Dominique, nique, nique / sempre alegre esperando alguém que possa amar / o seu príncipe encantado / seu eterno namorado / que não cansa de esperar /


Uma lágrima caída a rolar dos olhos seus /numa tarde de domingo, o rapaz lhe disse adeus / Dominique, nique, nique sempre triste a chorar o amor que se acabou / o seu príncipe encantado / seu eterno namorado / que se foi e não voltou.


Somos como as bonecas que nossas mães tiveram um dia: ficamos velhos e desgastados, e, às vezes, até desaparecemos por muito tempo, cansamos, constituímos família e até morremos, mas... lá no fundo, nunca deixaremos de ser as suas crianças.
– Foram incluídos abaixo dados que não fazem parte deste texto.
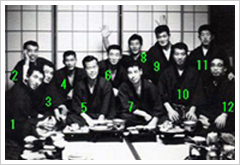 Shidoins at hombu dojo (circa 1965)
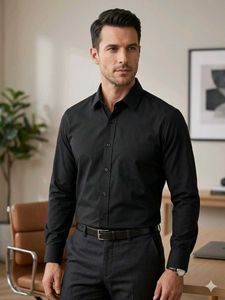 Venfield Premium Black Formal Shirt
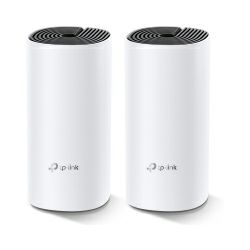 TP-Link AC1200 Deco M4 (2 pack) Whole-Home Mesh Wi-Fi, Dual-Band 300Mbps/867Mbps (2.4GHz/5GHz), 2×GLAN, 2×interna antena, MU-MIMO, AP Mode, IPv6 Ready, Deco App, Cloud Support, Alexa & IFTTT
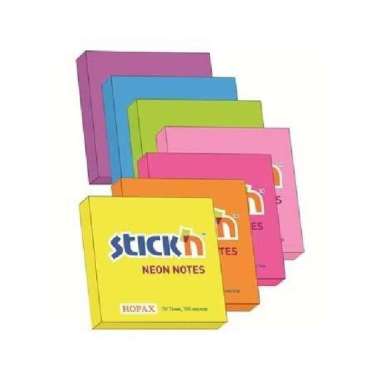 STICK N NEON STICKY NOTES KERTAS LEM MEMO TEMPEL Hijau - 76x76mm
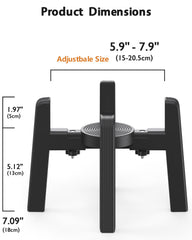 CZPET raised bowl with anti-slip feet keeps steady during meals.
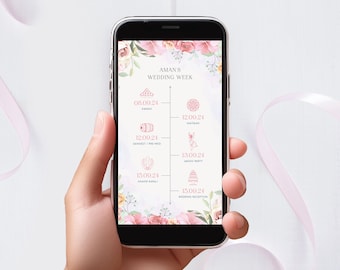 Cronología de la semana de la boda sij: itinerario digital (WhatsApp)
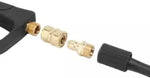 PCC D08 QRC Brass Quick Connect Adapter Set – M22 x 15 (Male & Female)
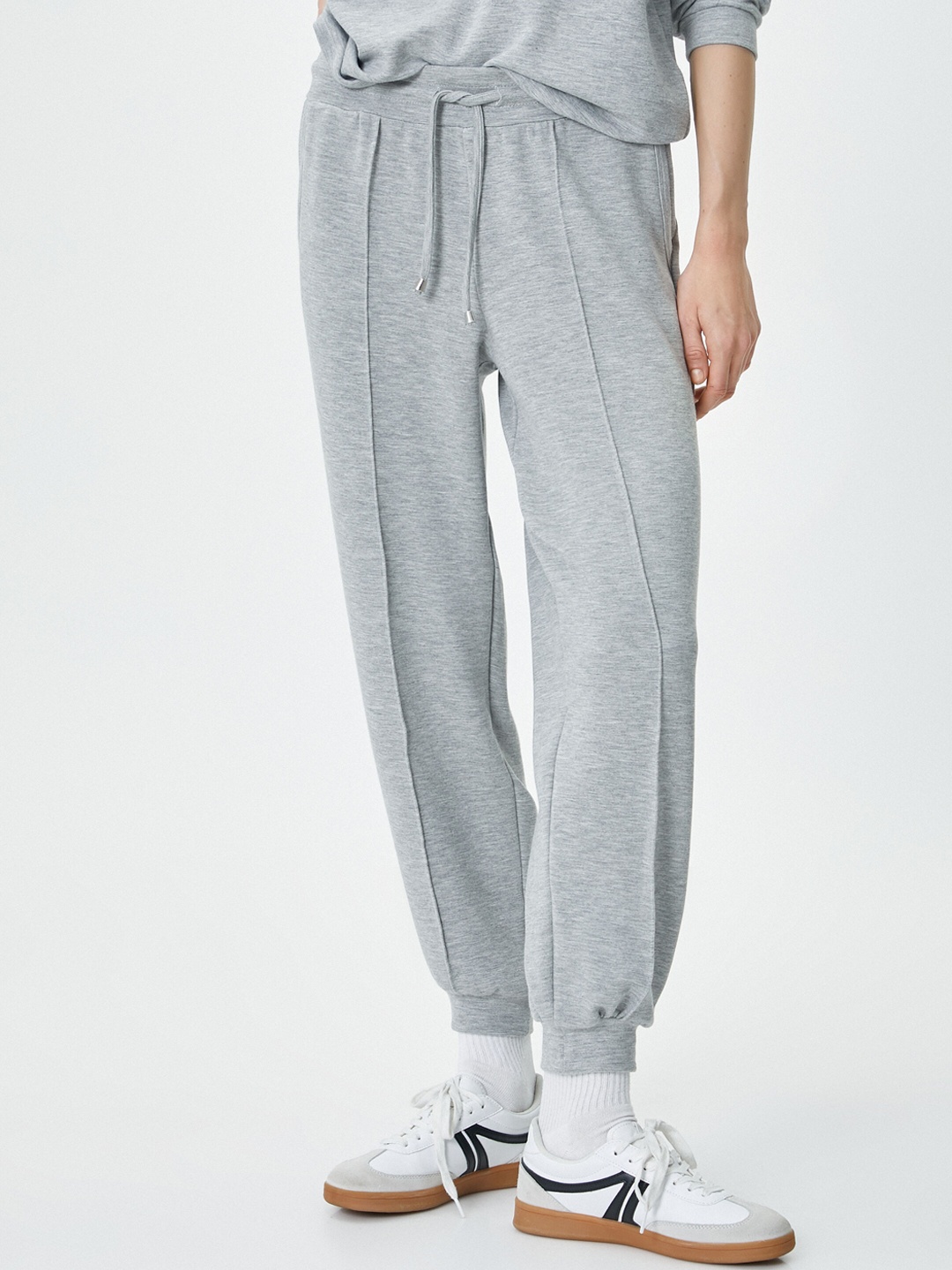 

Koton Women Mid Rise Joggers, Grey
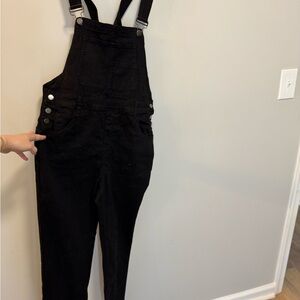 Black Denim Overalls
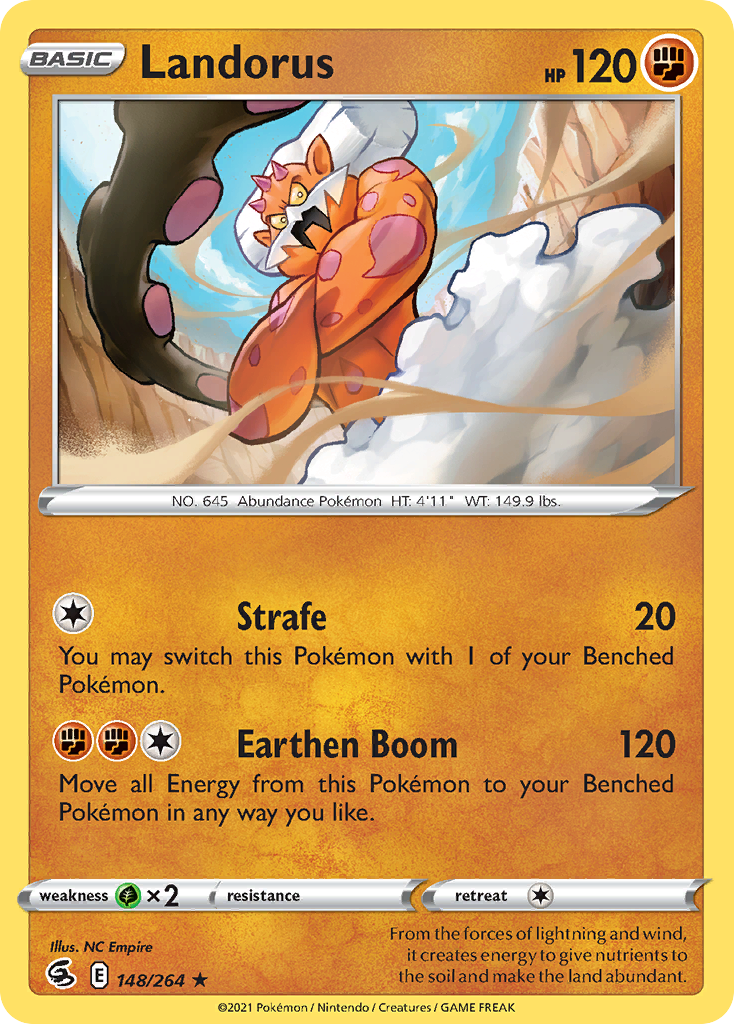 Landorus card front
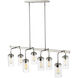 Calliope 8 Light 40 inch Polished Nickel Linear Chandelier Ceiling Light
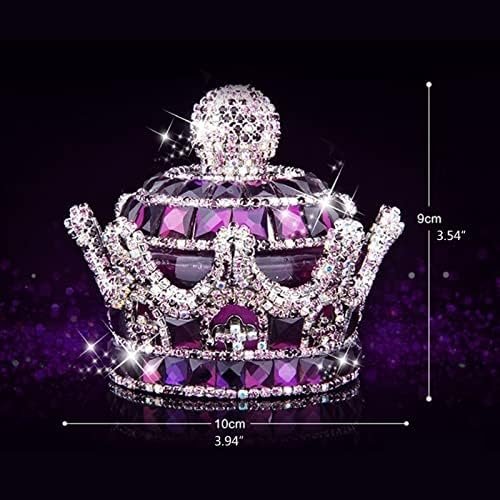 SG613-1 Crystal Crown Car Air Freshener – Crystal Car Fragrance Ornament with Refreshing Smell - Image 2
E isso é um ciclo que se repete conosco e nossos filhos, e se repetirá com nossos filhos e nossos netos. Talvez no fundo, no fundo, nós só queremos ser como Dominique, alguém que espera o seu príncipe encantado ou sua princesa encantada, que prefere viver num mundo de bonitas ilusões do que encarar a realidade de um mundo feio e devastado por causa do egocentrismo humano.
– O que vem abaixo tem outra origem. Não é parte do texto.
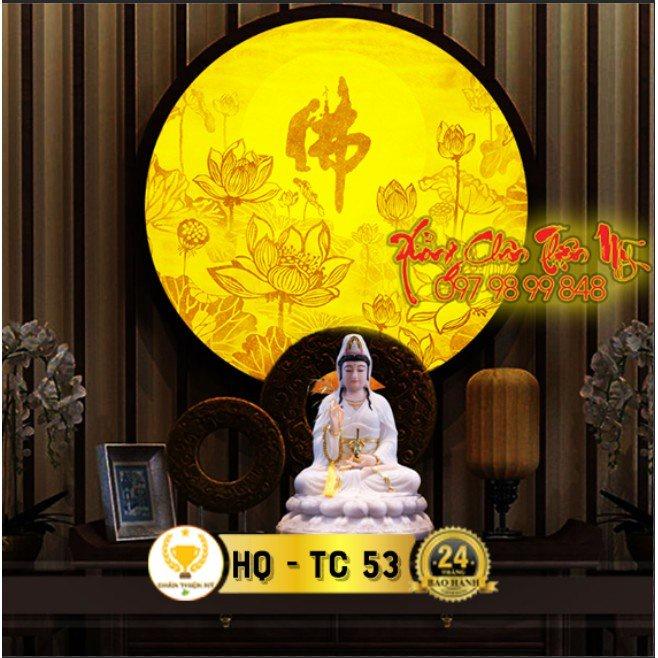 Đèn hào quang Trúc Chỉ in thờ Quan Âm_HQTC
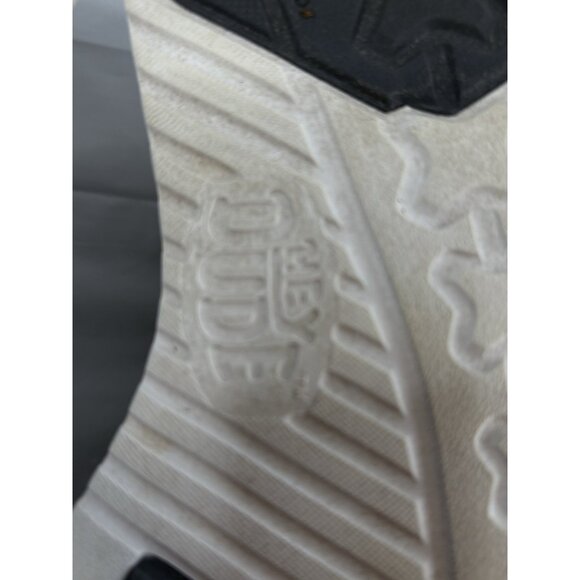 Hey Dude Sirocco Alta Glitter Shine Womens 10 Black White Comfort Shoes Slip On - Picture 15 of 16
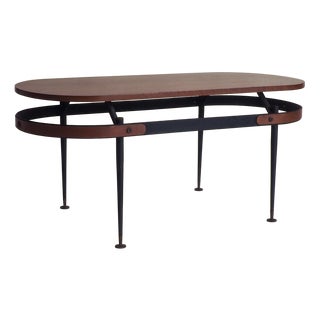 Wooden Oval Coffee Table by Silvio Cavatorta, 1950s For Sale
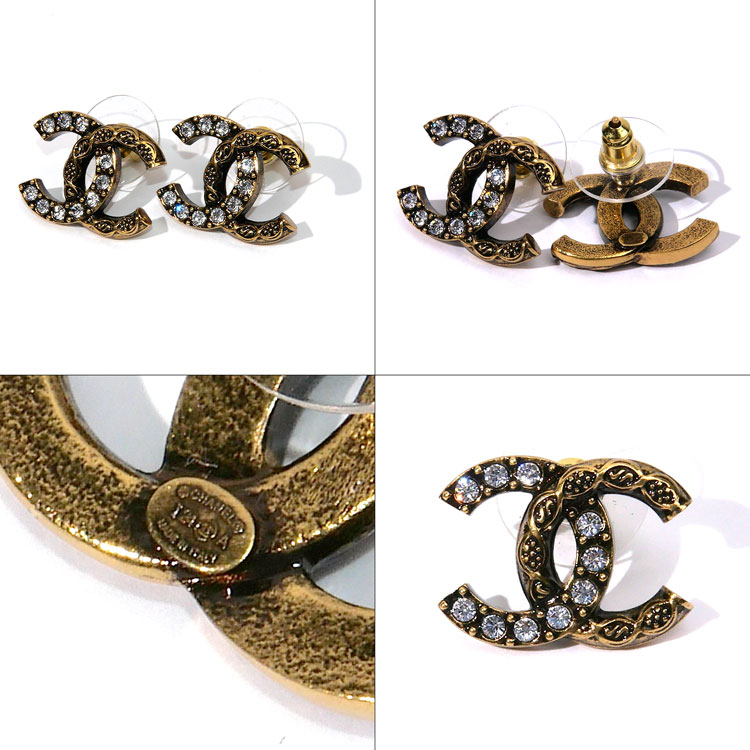 CHANEL（シャネル） ピアス 両耳 CCマーク ココマーク 定番 ABD766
Quando o mundo nos vira as costas e nos apedreja com o furor das decepções, tu estás lá, no portão da casa, a esperar, para dizer: “Tu és meu filho amado, em ti tenho prazer! Sempre estarei ao teu lado!”


É verdade. Mamãe sempre está aqui, mesmo não estando. E agora eu fico olhando essas rugas que fazem parte desse processo natural da vida, tomando conta do teu rosto. Parece que tira a beleza. Há uma tentativa de tirar a beleza, apenas uma tentativa, mas não tira. Porque, ali, está a experiência de uma história única, que nenhum escritor poderá escrever com precisão. Muita coisa irá faltar no papel, muitos detalhes que nem lembramos, porque a vida está sempre em movimento, e cada instante vivido é uma grande história a ser contada. Esse mistério, Deus guardou com ele, pra um dia contar pessoalmente a cada um de nós. Ali, também, está guardadinha, por detrás dessas rugas, aquela menininha que brincou de boneca, que pulou Macaca, que brincou de Pata cega, que fez tudo o que um dia eu fiz também.


É... eu descobri que minha mãe foi criança um dia que nem eu. E que faz aniversário, apaga a velinha, envelhece e se emociona ainda...que neum eu.